The Dangers of Teen Driving, and How to Avoid Them


Brian Sinks

Many high school students are anxious to get their driver’s licenses and get on the road. Giving far more freedom to teens in unwalkable areas, with the ability to go wherever, whenever, after being tied to parents or other adults their whole life, it’s obvious to see why. However, driving is one of the most dangerous things done on a day-to-day basis, usually without a second thought. Just how quickly a car becomes a coffin isn’t always realized, but understanding the risks helps avoid any such accidents. 

Teenagers 16-19 make up only 3% of all drivers on the road but make up 9% of all crashes in the U.S., and 6% of fatal crashes. A lack of experience and maturity are the main factors at play here. Without experience, it’s easy to react poorly to new situations, and new drivers may simply not recognize dangerous situations. 

 Another factor is having friends in the car. It’s easy to get carried away in a conversation and end up missing a stop sign or vehicle pulling out in front of an oncoming car, and it’s usually just a matter of time until luck runs out. Studies have shown the risk of a young driver being in an accident increases by 44% with a single passenger, increasing to 88% with 2 passengers and 160% with 4. This isn’t to say not to carry along friends in the car (in fact, having those few fewer cars on the road is safer for everyone), but staying focused on the road is far more important than a conversation that can be saved for later.

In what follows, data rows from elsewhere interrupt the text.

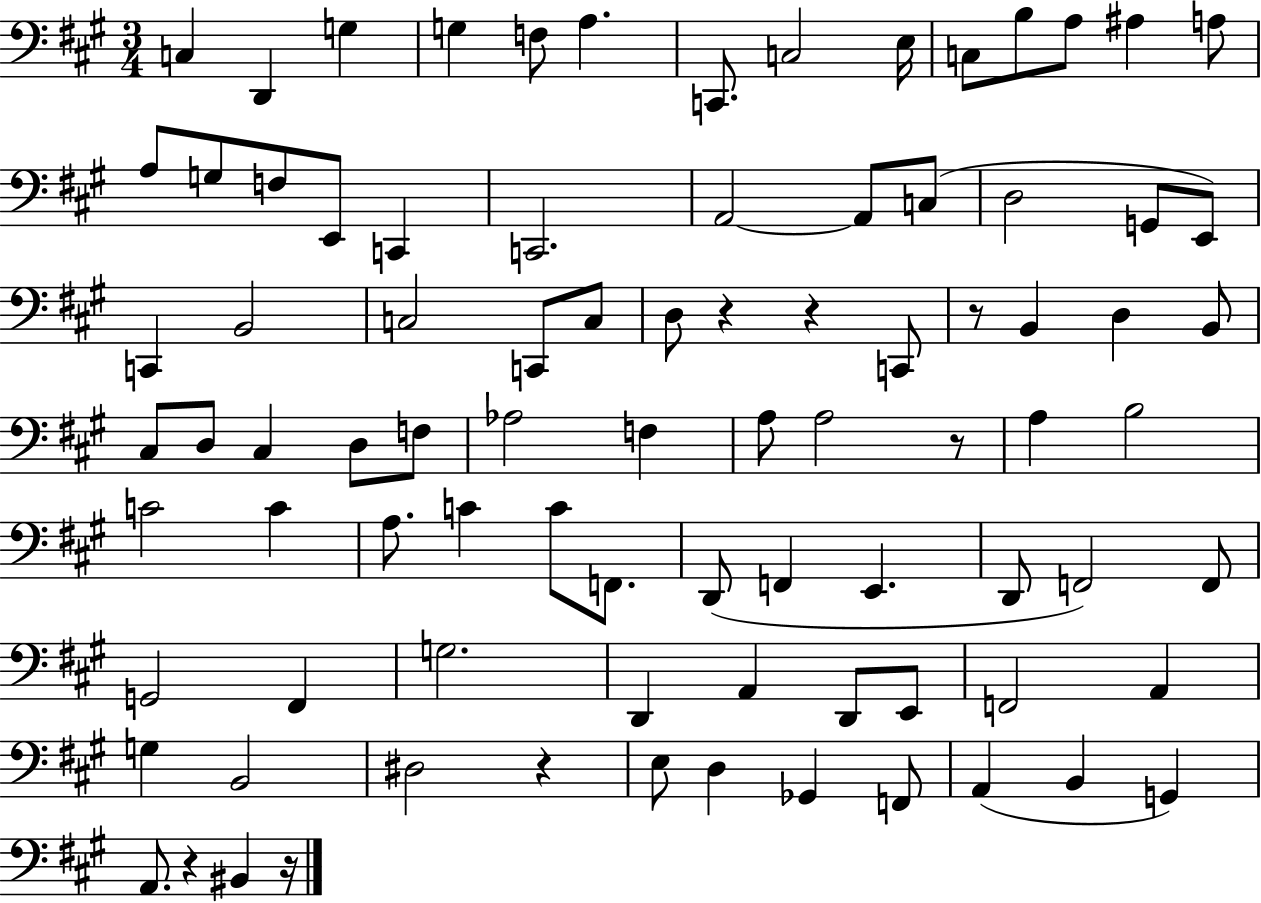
C3/q D2/q G3/q G3/q F3/e A3/q. C2/e. C3/h E3/s C3/e B3/e A3/e A#3/q A3/e A3/e G3/e F3/e E2/e C2/q C2/h. A2/h A2/e C3/e D3/h G2/e E2/e C2/q B2/h C3/h C2/e C3/e D3/e R/q R/q C2/e R/e B2/q D3/q B2/e C#3/e D3/e C#3/q D3/e F3/e Ab3/h F3/q A3/e A3/h R/e A3/q B3/h C4/h C4/q A3/e. C4/q C4/e F2/e. D2/e F2/q E2/q. D2/e F2/h F2/e G2/h F#2/q G3/h. D2/q A2/q D2/e E2/e F2/h A2/q G3/q B2/h D#3/h R/q E3/e D3/q Gb2/q F2/e A2/q B2/q G2/q A2/e. R/q BIS2/q R/s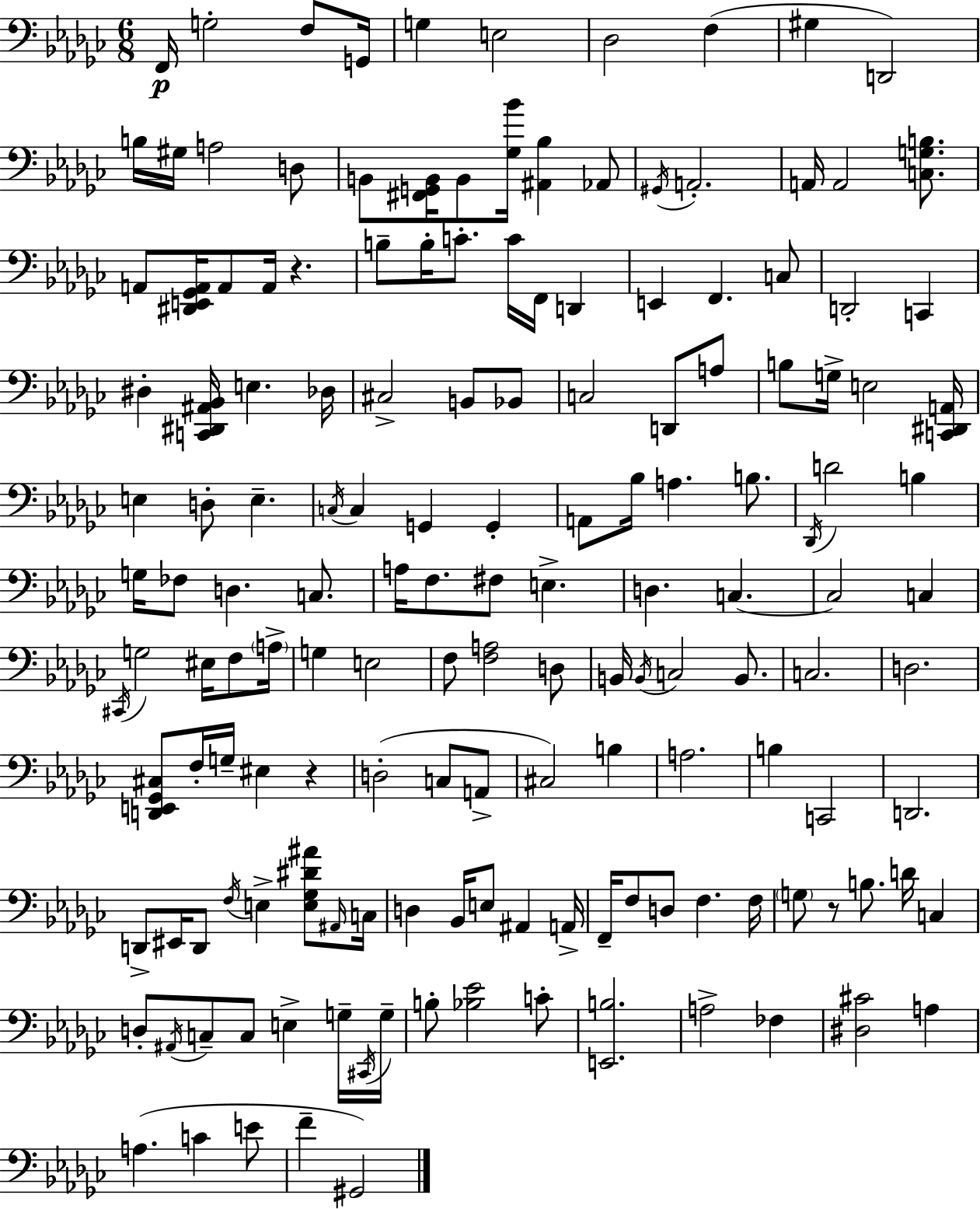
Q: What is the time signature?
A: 6/8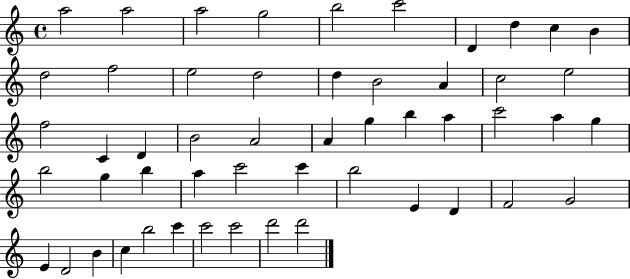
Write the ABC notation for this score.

X:1
T:Untitled
M:4/4
L:1/4
K:C
a2 a2 a2 g2 b2 c'2 D d c B d2 f2 e2 d2 d B2 A c2 e2 f2 C D B2 A2 A g b a c'2 a g b2 g b a c'2 c' b2 E D F2 G2 E D2 B c b2 c' c'2 c'2 d'2 d'2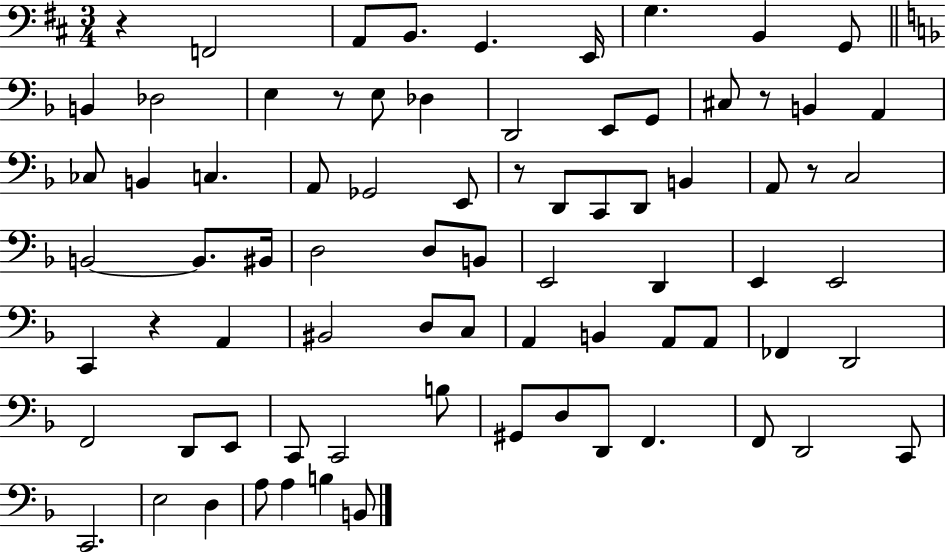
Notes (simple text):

R/q F2/h A2/e B2/e. G2/q. E2/s G3/q. B2/q G2/e B2/q Db3/h E3/q R/e E3/e Db3/q D2/h E2/e G2/e C#3/e R/e B2/q A2/q CES3/e B2/q C3/q. A2/e Gb2/h E2/e R/e D2/e C2/e D2/e B2/q A2/e R/e C3/h B2/h B2/e. BIS2/s D3/h D3/e B2/e E2/h D2/q E2/q E2/h C2/q R/q A2/q BIS2/h D3/e C3/e A2/q B2/q A2/e A2/e FES2/q D2/h F2/h D2/e E2/e C2/e C2/h B3/e G#2/e D3/e D2/e F2/q. F2/e D2/h C2/e C2/h. E3/h D3/q A3/e A3/q B3/q B2/e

It’s very common for younger people to not wear seatbelts as well. Usually, these people will claim that with modern safety technology, seat belts aren’t a necessity. And while it’s true that new cars have massively improved the safety of the occupants in many ways, the chances of survival are determined by the weakest link. Without a seatbelt restraining your body, you will be thrown into the steering column as the airbag is deploying, causing injuries from the speed of the bag and pressing up against uncovered parts of the wheel. From there, you can either be sent downward, getting jammed into the footwell; or you may be ejected from the vehicle at lethal speeds. Even before a crash, ending up on rough terrain could send you into a position making it impossible to control the vehicle, causing a crash that could’ve been avoided. No matter what way you slice it, any slight discomfort caused by seat belts heavily outweighs the cons of not wearing one.

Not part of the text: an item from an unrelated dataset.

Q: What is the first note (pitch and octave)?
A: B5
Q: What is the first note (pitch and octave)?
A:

Of course, there’s the danger of driving under the influence. Any type of substance use can affect vital functions for driving, such as reflexes and depth perception. An average person has a reaction time of 0.5-0.75 seconds, and even under legal limits of alcohol, can be reduced by over 30%. In Ohio, the legal limit of blood alcohol content is 0.08%. However, if it has noticeably affected driving abilities, arrests can be made for DUI as low as 0.03%. 

It’s not just alcohol, of course. Any substance can negatively affect driving ability and lead to a DUI arrest. Marijuana can majorly hurt reaction times, and decision-making, and cause distortion. Even if people feel perfectly capable of driving, these little details may sneak up down the road.

Education is yet another factor. While many people go through quality driver’s Ed programs, some may not be as fortunate. With a high cost out of many reach and a rather tight schedule that conflicts with sports or work, many just wait until they’re 18 and can go straight to the test. everyone should attempt to educate themselves as much as possible about the technicalities of the roads. Roads are often confusing and overwhelming, and properly understanding how it all works together gives drivers a massive advantage.

Overall, while driving is a very important ability in most areas, it’s all too easy to forget the risk driving puts everyone in every second spent on the road. Staying aware and making educated calls on when it’s safe to drive is a simple step that can avoid so much pain.